→ Your task
Starting at the line that contains "this 1062×795 image.", transcribe each line exactly through the last line of the data. Include nothing else.

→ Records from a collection
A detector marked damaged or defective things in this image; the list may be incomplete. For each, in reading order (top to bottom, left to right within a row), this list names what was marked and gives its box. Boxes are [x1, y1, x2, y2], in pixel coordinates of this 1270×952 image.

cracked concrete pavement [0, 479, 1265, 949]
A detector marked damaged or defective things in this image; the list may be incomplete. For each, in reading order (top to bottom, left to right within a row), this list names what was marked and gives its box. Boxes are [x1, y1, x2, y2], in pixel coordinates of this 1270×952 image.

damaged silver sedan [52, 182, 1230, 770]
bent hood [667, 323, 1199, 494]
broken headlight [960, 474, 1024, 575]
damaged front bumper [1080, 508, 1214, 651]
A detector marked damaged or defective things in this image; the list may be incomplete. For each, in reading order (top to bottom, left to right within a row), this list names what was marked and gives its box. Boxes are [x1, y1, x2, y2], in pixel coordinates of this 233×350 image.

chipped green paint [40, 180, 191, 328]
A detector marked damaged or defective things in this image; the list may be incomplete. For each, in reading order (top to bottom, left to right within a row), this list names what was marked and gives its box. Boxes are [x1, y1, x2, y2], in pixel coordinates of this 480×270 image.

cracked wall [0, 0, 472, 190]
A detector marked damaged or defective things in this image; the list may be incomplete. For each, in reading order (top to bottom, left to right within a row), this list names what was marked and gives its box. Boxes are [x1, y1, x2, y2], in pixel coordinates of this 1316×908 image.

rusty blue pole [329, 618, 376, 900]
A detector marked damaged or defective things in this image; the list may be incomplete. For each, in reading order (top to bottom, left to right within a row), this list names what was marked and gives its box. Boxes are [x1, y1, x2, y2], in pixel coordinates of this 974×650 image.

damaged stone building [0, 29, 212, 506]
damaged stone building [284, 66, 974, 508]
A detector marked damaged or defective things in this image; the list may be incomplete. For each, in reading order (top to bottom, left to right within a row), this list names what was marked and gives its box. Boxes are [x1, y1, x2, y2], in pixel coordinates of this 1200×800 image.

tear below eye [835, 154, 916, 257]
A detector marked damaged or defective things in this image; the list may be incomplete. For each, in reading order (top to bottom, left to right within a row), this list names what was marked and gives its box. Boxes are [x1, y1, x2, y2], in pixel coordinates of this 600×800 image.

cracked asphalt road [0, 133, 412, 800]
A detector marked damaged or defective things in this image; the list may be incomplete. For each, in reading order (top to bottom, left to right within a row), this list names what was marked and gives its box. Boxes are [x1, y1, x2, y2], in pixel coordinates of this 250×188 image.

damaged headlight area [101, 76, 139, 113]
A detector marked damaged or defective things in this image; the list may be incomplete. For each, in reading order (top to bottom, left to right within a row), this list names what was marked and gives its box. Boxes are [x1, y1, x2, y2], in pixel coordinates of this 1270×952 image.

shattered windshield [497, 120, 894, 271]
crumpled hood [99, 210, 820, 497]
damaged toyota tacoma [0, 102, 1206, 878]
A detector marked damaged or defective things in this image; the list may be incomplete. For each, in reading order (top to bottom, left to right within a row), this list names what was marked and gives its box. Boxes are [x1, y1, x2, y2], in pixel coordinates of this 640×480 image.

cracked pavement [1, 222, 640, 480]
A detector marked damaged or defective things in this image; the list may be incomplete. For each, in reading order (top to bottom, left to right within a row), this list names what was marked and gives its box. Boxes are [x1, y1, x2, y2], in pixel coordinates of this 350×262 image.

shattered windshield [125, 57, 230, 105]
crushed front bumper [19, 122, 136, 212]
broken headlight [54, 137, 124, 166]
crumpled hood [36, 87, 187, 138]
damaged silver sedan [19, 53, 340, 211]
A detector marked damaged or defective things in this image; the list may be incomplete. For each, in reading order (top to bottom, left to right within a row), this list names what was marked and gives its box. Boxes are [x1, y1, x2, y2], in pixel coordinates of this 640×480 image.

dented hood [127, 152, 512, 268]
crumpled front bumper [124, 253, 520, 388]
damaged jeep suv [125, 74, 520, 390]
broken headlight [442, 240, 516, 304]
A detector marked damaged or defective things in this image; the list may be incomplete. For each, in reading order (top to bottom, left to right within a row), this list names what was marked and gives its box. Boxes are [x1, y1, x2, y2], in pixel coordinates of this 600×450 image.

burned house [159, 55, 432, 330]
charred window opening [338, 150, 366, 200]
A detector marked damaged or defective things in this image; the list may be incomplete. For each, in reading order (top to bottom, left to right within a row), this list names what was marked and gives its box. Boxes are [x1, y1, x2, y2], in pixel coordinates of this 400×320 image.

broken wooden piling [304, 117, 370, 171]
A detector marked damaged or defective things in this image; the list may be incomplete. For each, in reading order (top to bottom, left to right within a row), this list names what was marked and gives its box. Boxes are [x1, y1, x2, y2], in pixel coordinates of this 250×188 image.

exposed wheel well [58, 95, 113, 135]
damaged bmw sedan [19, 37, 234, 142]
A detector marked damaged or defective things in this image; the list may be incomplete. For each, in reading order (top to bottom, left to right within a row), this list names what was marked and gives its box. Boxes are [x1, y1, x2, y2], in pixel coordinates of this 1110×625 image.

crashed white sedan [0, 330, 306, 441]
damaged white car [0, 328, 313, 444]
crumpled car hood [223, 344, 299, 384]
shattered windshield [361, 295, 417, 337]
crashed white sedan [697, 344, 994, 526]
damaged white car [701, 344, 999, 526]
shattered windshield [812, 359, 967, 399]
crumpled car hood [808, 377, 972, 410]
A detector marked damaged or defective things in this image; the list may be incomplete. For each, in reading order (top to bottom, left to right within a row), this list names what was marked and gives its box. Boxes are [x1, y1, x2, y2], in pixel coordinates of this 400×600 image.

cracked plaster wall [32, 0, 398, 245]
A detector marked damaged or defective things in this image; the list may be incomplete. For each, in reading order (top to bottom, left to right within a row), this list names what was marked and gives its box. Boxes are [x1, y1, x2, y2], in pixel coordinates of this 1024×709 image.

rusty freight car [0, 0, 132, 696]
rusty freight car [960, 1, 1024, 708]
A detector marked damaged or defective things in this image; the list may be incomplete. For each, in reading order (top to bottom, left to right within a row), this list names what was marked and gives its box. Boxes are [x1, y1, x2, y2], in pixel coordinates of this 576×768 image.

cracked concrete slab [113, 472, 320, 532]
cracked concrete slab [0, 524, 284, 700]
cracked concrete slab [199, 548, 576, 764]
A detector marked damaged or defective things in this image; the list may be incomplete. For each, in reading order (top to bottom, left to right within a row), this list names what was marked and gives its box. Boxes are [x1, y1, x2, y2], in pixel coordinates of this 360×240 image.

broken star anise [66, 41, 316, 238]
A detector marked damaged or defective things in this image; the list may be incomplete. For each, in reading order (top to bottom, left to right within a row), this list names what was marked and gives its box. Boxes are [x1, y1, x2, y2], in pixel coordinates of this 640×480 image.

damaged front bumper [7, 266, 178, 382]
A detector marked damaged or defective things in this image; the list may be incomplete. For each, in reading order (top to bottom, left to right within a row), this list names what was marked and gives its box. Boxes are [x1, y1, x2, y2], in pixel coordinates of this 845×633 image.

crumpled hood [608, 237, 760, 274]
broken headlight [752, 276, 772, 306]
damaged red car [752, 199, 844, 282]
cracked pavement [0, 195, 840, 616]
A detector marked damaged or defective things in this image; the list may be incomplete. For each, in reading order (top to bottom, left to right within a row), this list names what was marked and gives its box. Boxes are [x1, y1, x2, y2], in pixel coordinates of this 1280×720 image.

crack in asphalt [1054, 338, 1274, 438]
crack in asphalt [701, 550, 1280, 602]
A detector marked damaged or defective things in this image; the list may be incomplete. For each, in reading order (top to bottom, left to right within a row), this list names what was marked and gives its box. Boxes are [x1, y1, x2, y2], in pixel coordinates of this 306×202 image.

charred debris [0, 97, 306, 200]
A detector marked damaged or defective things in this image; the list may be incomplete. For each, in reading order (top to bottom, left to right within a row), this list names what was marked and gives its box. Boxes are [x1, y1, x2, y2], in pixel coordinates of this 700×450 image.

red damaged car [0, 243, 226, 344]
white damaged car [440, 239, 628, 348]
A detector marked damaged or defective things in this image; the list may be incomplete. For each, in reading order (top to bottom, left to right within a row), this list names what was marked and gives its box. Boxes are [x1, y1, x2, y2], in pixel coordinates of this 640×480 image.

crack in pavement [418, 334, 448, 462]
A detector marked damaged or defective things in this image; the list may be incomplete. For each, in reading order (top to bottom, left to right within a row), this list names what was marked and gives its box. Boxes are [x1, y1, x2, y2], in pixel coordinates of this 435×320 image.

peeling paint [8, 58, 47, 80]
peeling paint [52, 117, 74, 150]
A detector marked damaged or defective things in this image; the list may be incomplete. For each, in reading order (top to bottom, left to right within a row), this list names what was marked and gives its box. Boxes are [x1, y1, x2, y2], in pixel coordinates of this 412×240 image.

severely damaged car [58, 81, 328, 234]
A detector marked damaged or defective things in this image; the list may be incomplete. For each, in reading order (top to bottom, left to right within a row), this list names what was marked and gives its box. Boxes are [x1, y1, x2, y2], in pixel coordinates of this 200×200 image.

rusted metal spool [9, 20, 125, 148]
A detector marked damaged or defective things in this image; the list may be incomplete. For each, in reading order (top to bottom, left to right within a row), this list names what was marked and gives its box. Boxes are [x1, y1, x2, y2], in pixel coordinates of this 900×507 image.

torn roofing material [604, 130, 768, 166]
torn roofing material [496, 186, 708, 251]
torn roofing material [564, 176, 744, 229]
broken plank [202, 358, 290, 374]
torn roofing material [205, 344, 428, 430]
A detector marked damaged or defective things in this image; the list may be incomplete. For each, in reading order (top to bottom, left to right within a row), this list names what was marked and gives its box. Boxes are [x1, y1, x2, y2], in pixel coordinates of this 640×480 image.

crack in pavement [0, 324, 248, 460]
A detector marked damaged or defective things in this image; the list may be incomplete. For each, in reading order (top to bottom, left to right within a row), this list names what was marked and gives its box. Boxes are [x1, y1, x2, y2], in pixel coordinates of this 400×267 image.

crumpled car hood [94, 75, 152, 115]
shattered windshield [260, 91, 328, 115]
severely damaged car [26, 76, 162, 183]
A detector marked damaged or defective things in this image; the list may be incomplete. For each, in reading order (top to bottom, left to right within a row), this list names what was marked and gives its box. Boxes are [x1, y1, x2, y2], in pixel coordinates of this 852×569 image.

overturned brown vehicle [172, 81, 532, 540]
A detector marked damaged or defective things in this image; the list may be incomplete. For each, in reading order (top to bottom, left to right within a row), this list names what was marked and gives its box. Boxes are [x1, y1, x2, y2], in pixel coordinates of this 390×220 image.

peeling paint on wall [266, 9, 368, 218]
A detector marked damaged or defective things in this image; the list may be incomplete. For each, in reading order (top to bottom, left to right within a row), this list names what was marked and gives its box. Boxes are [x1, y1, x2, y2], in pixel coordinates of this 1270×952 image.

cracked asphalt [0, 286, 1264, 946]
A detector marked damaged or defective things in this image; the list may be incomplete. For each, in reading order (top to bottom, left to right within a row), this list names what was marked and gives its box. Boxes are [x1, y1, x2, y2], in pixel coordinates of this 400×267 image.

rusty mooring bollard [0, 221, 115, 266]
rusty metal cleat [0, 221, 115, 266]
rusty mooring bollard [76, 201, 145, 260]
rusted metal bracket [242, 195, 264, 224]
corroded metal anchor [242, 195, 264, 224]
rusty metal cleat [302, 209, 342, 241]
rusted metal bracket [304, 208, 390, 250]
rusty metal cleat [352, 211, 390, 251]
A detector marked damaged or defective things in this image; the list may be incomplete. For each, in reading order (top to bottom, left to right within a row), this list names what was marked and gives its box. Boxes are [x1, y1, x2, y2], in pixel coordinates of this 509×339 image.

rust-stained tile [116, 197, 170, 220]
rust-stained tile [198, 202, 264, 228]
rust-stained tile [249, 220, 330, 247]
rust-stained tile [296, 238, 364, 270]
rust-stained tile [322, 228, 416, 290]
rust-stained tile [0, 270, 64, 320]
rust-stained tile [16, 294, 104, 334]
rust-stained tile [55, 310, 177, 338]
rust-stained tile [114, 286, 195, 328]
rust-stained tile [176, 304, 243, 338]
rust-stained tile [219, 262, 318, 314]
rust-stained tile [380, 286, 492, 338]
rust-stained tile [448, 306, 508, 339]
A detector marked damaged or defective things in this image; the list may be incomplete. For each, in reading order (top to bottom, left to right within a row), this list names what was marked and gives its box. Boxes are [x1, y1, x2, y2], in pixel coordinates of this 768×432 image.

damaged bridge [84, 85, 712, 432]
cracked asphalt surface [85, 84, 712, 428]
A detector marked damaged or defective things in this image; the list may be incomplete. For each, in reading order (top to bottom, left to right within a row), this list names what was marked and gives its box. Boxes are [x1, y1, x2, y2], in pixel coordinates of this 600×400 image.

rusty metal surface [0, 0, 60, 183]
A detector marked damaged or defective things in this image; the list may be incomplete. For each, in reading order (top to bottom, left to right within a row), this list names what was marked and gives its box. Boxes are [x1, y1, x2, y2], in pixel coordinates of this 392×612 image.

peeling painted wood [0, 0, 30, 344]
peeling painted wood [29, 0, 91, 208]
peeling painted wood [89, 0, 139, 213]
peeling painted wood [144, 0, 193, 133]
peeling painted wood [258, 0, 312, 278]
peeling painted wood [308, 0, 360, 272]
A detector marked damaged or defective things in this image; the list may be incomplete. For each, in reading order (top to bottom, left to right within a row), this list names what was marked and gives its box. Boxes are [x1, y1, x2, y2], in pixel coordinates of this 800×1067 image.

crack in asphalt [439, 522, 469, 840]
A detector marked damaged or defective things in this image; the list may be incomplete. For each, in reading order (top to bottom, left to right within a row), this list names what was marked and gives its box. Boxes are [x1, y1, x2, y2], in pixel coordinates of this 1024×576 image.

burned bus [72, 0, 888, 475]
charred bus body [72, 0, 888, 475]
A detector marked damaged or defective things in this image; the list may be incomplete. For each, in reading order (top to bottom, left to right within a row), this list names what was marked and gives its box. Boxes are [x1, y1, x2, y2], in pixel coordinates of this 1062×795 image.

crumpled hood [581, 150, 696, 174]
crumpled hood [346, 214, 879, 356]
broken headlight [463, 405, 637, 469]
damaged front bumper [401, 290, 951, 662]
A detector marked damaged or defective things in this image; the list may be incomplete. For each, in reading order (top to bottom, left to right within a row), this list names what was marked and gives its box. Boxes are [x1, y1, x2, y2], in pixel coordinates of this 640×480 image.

→ Task response
A detector marked damaged or defective things in this image; the list may be incomplete. For each, in reading order (top to bottom, left to right within a row), this list names what was marked and gives its box. Boxes are [x1, y1, x2, y2], in pixel coordinates of this 1062×795 image.

crumpled hood [581, 150, 696, 174]
crumpled hood [346, 214, 879, 356]
broken headlight [463, 405, 637, 469]
damaged front bumper [401, 290, 951, 662]
A detector marked damaged or defective things in this image; the list may be incomplete. For each, in reading order (top to bottom, left to right within a row), this list names what was marked and gives its box. Boxes are [x1, y1, x2, y2], in pixel coordinates of this 640×480 image.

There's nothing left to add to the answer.